**Your goal**
When you print the material, keep every line identical to the original.

- Opening Delimiter -

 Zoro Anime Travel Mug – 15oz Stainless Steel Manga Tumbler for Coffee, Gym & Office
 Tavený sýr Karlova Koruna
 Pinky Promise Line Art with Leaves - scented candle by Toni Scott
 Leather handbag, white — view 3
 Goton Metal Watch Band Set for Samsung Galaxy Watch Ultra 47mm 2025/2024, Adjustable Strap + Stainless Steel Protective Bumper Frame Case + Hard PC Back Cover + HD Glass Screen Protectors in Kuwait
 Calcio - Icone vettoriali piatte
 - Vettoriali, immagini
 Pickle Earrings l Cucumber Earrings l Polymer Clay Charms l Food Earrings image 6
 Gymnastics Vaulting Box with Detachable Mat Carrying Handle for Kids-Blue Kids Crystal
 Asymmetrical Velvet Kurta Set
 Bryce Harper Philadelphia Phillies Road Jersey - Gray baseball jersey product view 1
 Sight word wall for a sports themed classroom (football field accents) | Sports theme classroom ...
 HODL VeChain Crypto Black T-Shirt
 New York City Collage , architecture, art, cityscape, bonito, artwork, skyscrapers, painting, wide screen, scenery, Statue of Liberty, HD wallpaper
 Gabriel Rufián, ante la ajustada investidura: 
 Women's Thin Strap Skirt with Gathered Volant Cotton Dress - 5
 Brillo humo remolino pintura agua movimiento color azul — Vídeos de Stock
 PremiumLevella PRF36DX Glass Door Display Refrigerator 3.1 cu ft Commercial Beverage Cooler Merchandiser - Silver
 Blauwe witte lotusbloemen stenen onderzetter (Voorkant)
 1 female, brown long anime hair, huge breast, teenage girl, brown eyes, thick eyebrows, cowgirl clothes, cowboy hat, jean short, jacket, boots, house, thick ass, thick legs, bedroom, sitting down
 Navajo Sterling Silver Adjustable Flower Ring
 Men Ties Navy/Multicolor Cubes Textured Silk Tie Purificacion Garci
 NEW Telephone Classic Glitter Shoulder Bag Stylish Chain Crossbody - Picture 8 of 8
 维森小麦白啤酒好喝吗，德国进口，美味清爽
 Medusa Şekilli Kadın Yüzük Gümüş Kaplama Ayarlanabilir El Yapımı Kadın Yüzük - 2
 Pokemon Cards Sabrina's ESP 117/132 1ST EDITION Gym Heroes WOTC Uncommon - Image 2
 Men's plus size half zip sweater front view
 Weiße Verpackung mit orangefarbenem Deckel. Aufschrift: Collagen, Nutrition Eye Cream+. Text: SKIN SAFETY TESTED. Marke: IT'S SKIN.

- Closing Delimiter -

**Exercise response**
 Zoro Anime Travel Mug – 15oz Stainless Steel Manga Tumbler for Coffee, Gym & Office
 Tavený sýr Karlova Koruna
 Pinky Promise Line Art with Leaves - scented candle by Toni Scott
 Leather handbag, white — view 3
 Goton Metal Watch Band Set for Samsung Galaxy Watch Ultra 47mm 2025/2024, Adjustable Strap + Stainless Steel Protective Bumper Frame Case + Hard PC Back Cover + HD Glass Screen Protectors in Kuwait
 Calcio - Icone vettoriali piatte
 - Vettoriali, immagini
 Pickle Earrings l Cucumber Earrings l Polymer Clay Charms l Food Earrings image 6
 Gymnastics Vaulting Box with Detachable Mat Carrying Handle for Kids-Blue Kids Crystal
 Asymmetrical Velvet Kurta Set
 Bryce Harper Philadelphia Phillies Road Jersey - Gray baseball jersey product view 1
 Sight word wall for a sports themed classroom (football field accents) | Sports theme classroom ...
 HODL VeChain Crypto Black T-Shirt
 New York City Collage , architecture, art, cityscape, bonito, artwork, skyscrapers, painting, wide screen, scenery, Statue of Liberty, HD wallpaper
 Gabriel Rufián, ante la ajustada investidura: 
 Women's Thin Strap Skirt with Gathered Volant Cotton Dress - 5
 Brillo humo remolino pintura agua movimiento color azul — Vídeos de Stock
 PremiumLevella PRF36DX Glass Door Display Refrigerator 3.1 cu ft Commercial Beverage Cooler Merchandiser - Silver
 Blauwe witte lotusbloemen stenen onderzetter (Voorkant)
 1 female, brown long anime hair, huge breast, teenage girl, brown eyes, thick eyebrows, cowgirl clothes, cowboy hat, jean short, jacket, boots, house, thick ass, thick legs, bedroom, sitting down
 Navajo Sterling Silver Adjustable Flower Ring
 Men Ties Navy/Multicolor Cubes Textured Silk Tie Purificacion Garci
 NEW Telephone Classic Glitter Shoulder Bag Stylish Chain Crossbody - Picture 8 of 8
 维森小麦白啤酒好喝吗，德国进口，美味清爽
 Medusa Şekilli Kadın Yüzük Gümüş Kaplama Ayarlanabilir El Yapımı Kadın Yüzük - 2
 Pokemon Cards Sabrina's ESP 117/132 1ST EDITION Gym Heroes WOTC Uncommon - Image 2
 Men's plus size half zip sweater front view
 Weiße Verpackung mit orangefarbenem Deckel. Aufschrift: Collagen, Nutrition Eye Cream+. Text: SKIN SAFETY TESTED. Marke: IT'S SKIN.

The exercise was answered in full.